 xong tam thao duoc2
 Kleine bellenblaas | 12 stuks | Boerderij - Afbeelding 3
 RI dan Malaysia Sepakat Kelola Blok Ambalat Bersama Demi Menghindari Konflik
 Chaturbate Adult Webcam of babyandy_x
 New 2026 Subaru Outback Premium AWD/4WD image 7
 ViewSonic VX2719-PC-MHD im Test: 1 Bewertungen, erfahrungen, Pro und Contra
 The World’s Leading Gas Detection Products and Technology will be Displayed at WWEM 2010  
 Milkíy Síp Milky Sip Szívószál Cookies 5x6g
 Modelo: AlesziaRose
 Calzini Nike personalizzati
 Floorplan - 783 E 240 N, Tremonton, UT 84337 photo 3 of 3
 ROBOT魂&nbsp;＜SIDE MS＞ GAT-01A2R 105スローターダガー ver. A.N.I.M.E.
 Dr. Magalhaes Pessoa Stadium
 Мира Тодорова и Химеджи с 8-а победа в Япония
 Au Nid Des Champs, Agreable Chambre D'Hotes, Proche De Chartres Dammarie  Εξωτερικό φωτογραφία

..........

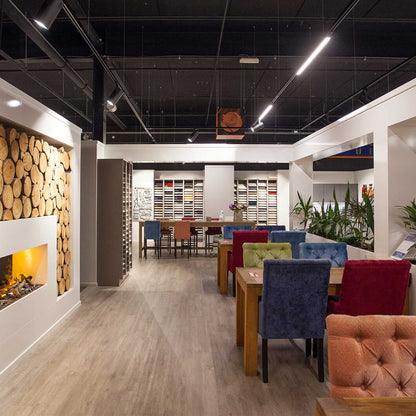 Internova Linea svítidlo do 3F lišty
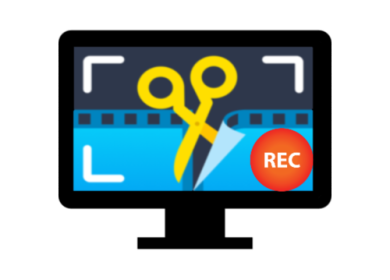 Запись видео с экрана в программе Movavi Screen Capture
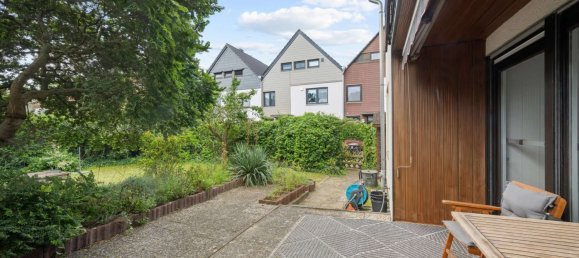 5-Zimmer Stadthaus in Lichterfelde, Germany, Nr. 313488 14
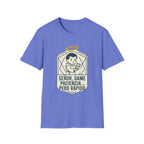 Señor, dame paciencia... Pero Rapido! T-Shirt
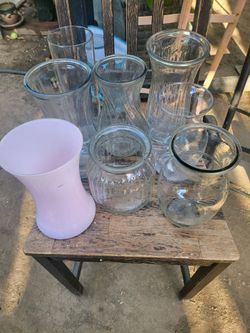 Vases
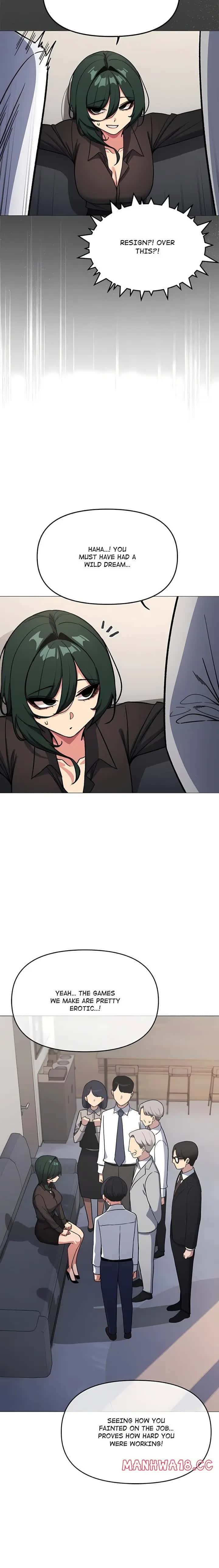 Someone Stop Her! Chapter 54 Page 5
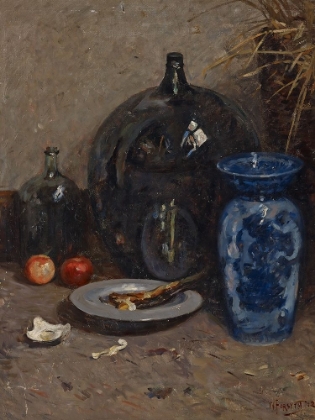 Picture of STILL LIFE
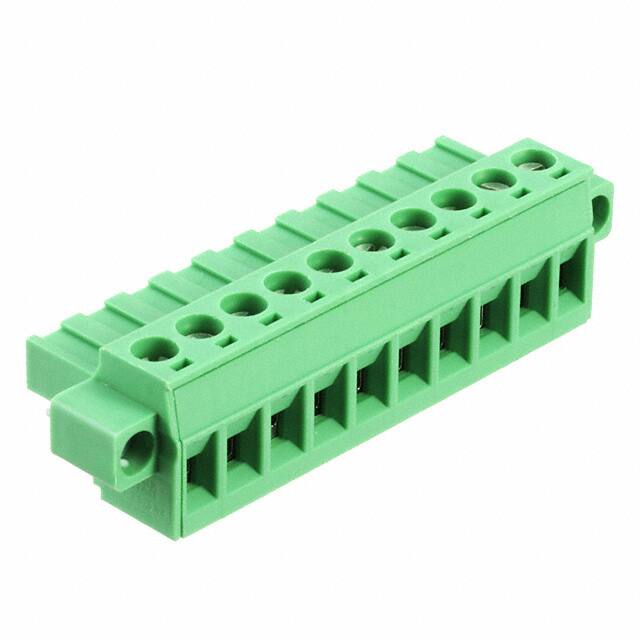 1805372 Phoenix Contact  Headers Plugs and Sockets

..........

Problem to solve
Set down, exactly as they stand above, the lines starting with the line with "xong tam thao duoc2" and going on through the line with "Au Nid Des Champs, Agreable", and no others.

Solution to this task
 xong tam thao duoc2
 Kleine bellenblaas | 12 stuks | Boerderij - Afbeelding 3
 RI dan Malaysia Sepakat Kelola Blok Ambalat Bersama Demi Menghindari Konflik
 Chaturbate Adult Webcam of babyandy_x
 New 2026 Subaru Outback Premium AWD/4WD image 7
 ViewSonic VX2719-PC-MHD im Test: 1 Bewertungen, erfahrungen, Pro und Contra
 The World’s Leading Gas Detection Products and Technology will be Displayed at WWEM 2010  
 Milkíy Síp Milky Sip Szívószál Cookies 5x6g
 Modelo: AlesziaRose
 Calzini Nike personalizzati
 Floorplan - 783 E 240 N, Tremonton, UT 84337 photo 3 of 3
 ROBOT魂&nbsp;＜SIDE MS＞ GAT-01A2R 105スローターダガー ver. A.N.I.M.E.
 Dr. Magalhaes Pessoa Stadium
 Мира Тодорова и Химеджи с 8-а победа в Япония
 Au Nid Des Champs, Agreable Chambre D'Hotes, Proche De Chartres Dammarie  Εξωτερικό φωτογραφία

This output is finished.